• **REQUIREMENT**:
Could you retype the lines below, starting at the line holding "To Chim Ri Homestay Mang Đen" and stopping at the line holding "Ariat Top Grain", inclusive? Copy them exactly and drop the images.

• **INFORMATION PROVIDED**:

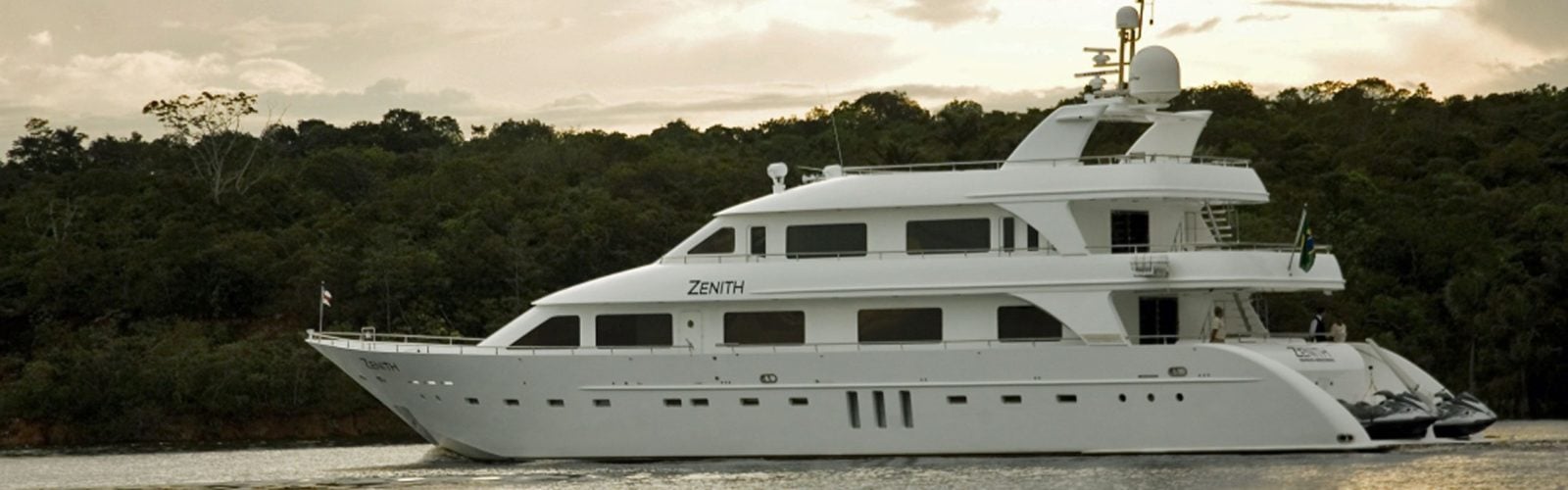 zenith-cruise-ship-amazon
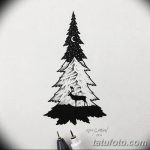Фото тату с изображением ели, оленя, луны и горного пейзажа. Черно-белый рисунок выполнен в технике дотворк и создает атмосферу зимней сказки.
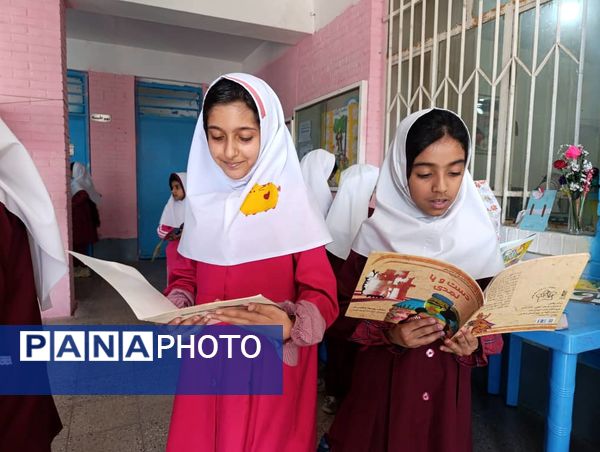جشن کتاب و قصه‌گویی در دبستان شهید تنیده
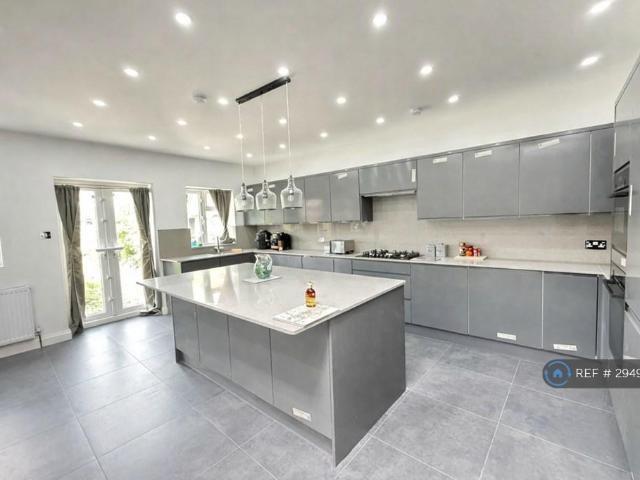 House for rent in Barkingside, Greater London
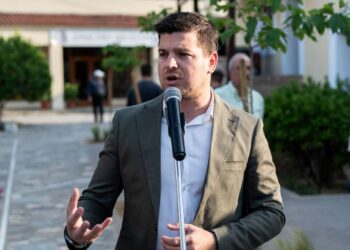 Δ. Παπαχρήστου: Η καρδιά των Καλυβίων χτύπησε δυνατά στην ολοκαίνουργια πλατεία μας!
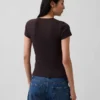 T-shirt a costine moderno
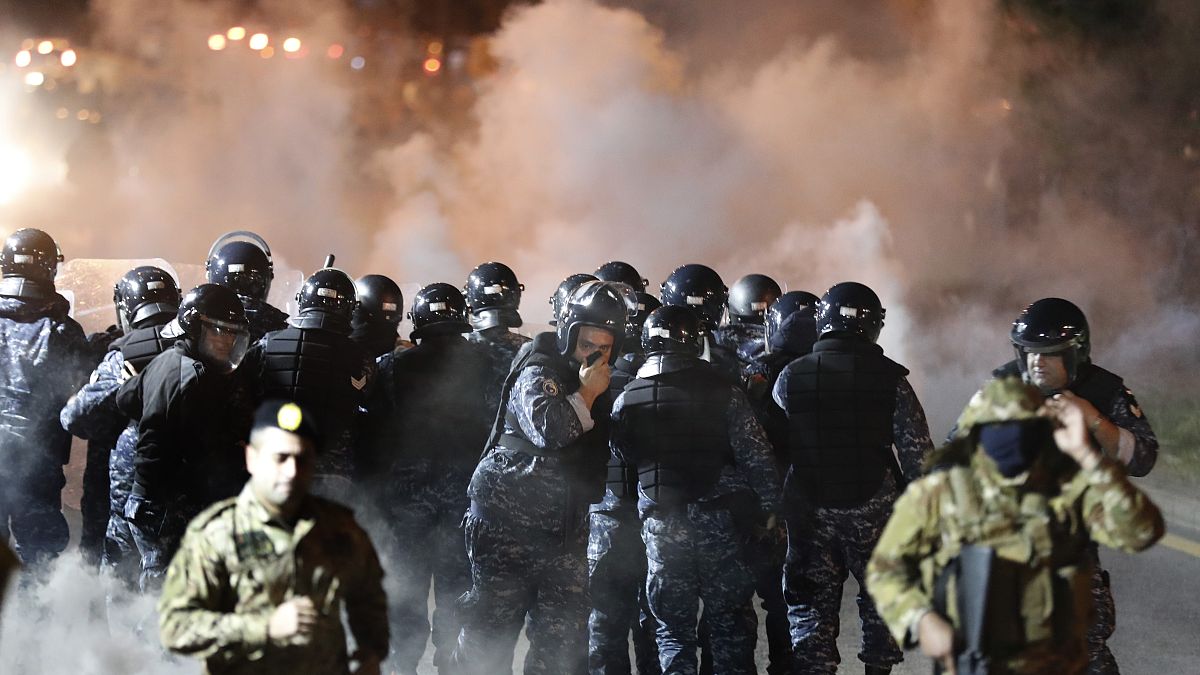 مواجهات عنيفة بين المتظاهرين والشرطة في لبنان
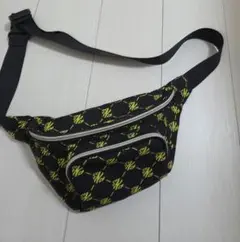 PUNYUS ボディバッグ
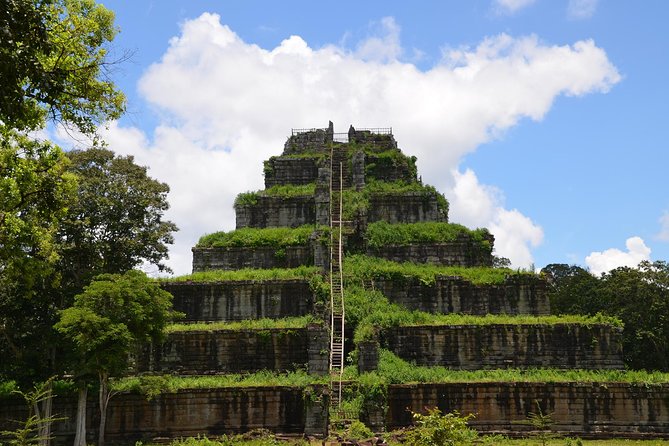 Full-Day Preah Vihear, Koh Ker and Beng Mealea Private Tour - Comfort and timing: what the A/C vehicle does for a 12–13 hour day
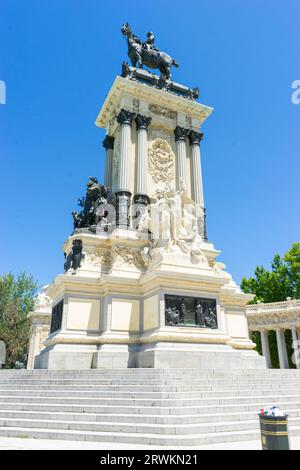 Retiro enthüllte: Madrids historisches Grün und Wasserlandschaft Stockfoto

* * *

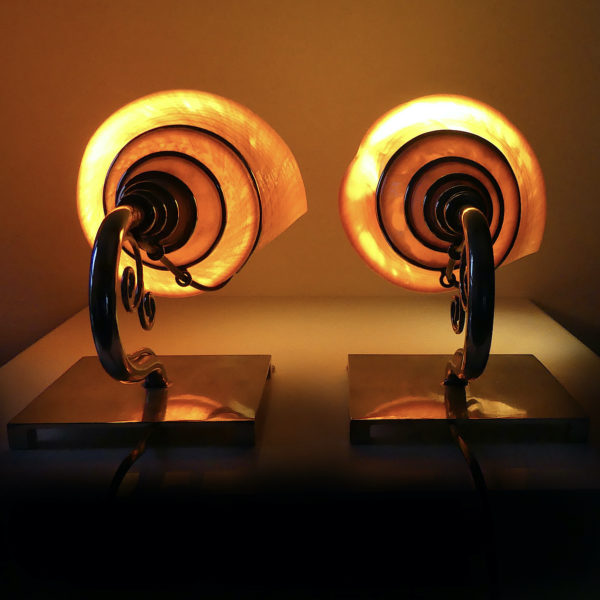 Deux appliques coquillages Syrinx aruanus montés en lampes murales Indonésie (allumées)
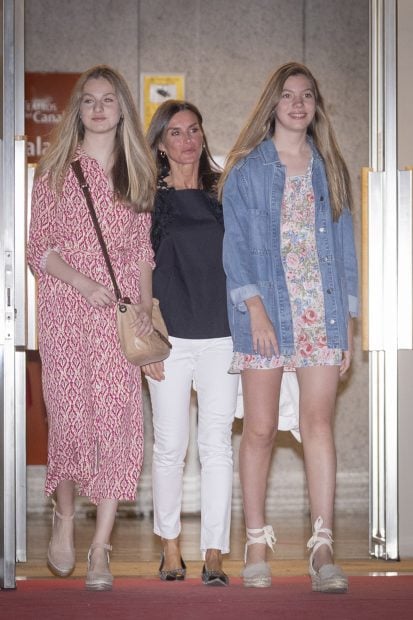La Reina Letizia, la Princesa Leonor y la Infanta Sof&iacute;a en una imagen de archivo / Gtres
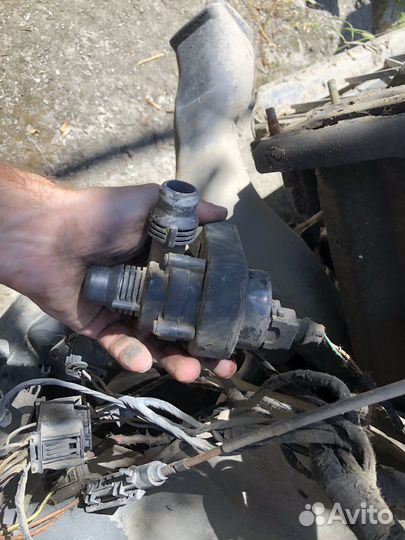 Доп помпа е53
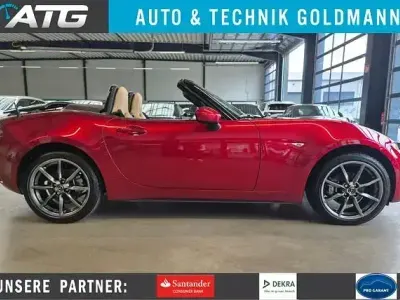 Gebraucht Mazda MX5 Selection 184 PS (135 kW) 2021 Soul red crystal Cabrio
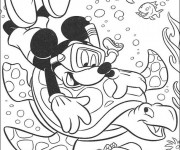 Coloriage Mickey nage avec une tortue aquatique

...

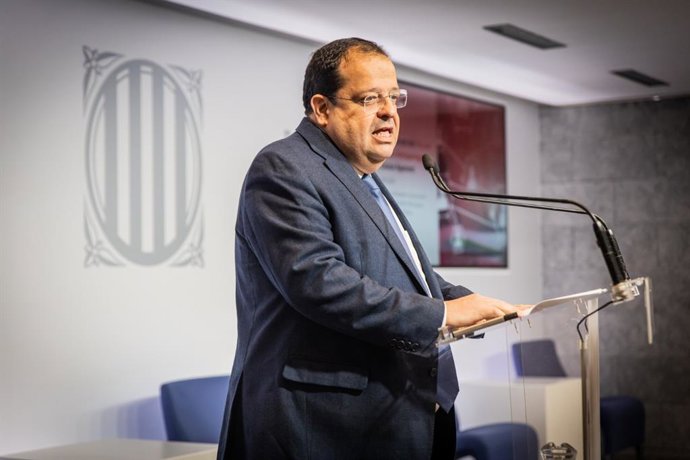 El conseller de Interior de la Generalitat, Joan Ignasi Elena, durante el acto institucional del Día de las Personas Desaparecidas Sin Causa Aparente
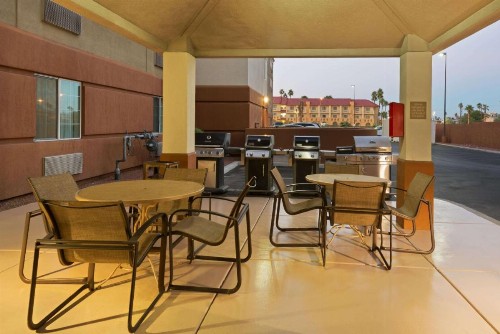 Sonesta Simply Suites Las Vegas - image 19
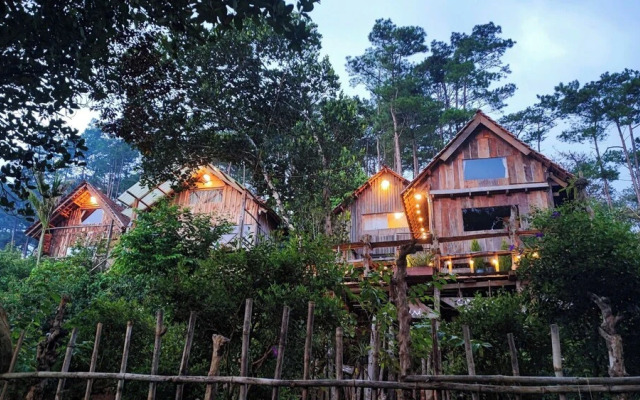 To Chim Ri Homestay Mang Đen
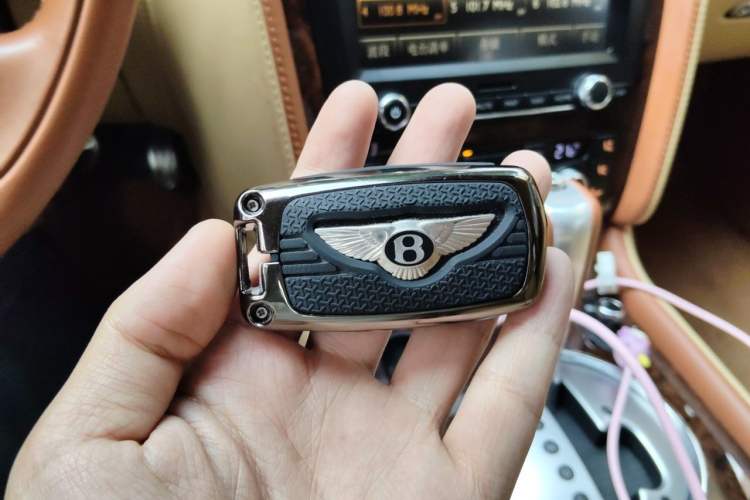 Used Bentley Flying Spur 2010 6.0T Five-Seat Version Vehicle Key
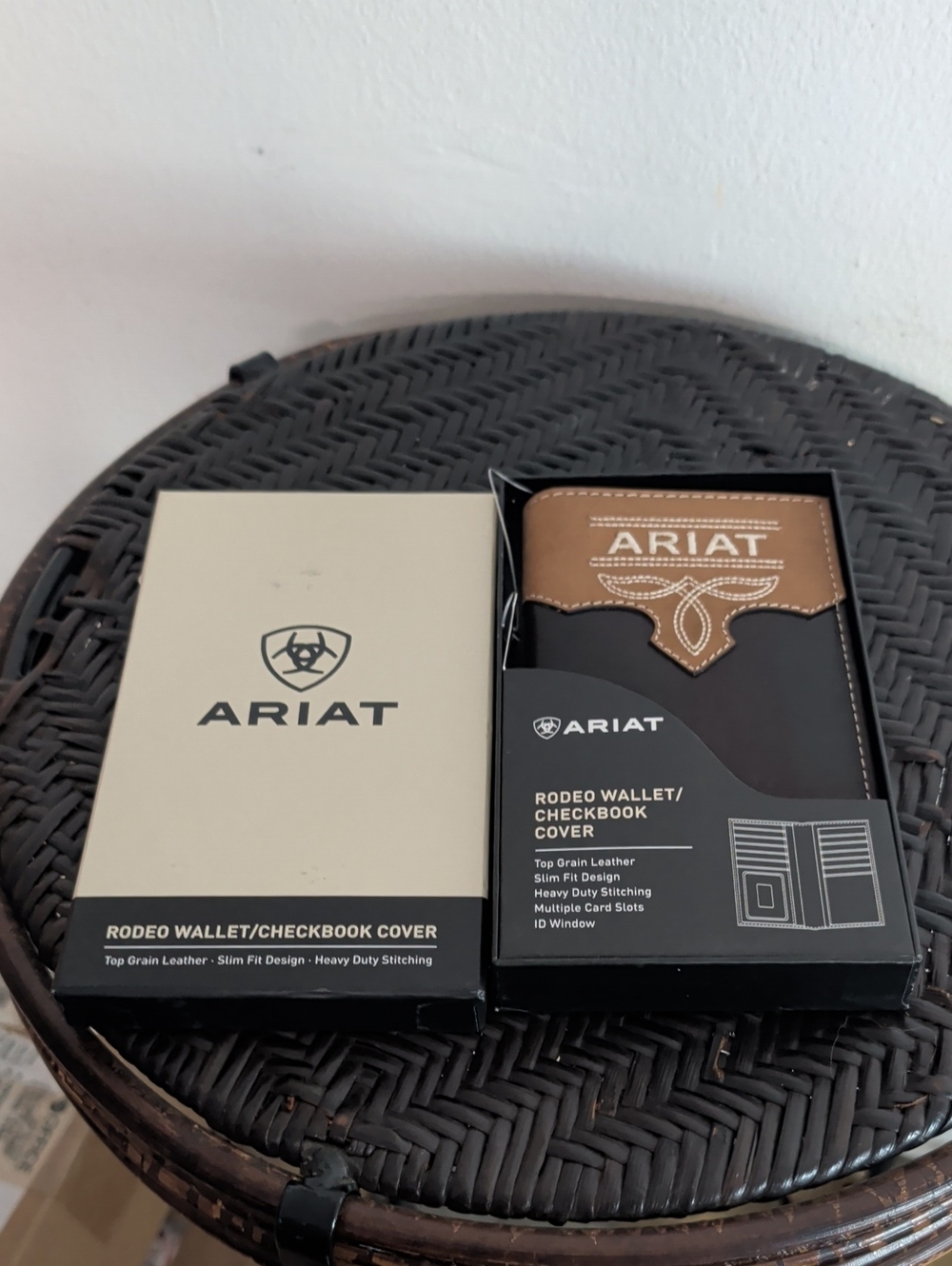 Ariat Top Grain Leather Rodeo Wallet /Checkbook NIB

• **SOLUTION TO THE PROBLEM**:
 To Chim Ri Homestay Mang Đen
 Used Bentley Flying Spur 2010 6.0T Five-Seat Version Vehicle Key
 Ariat Top Grain Leather Rodeo Wallet /Checkbook NIB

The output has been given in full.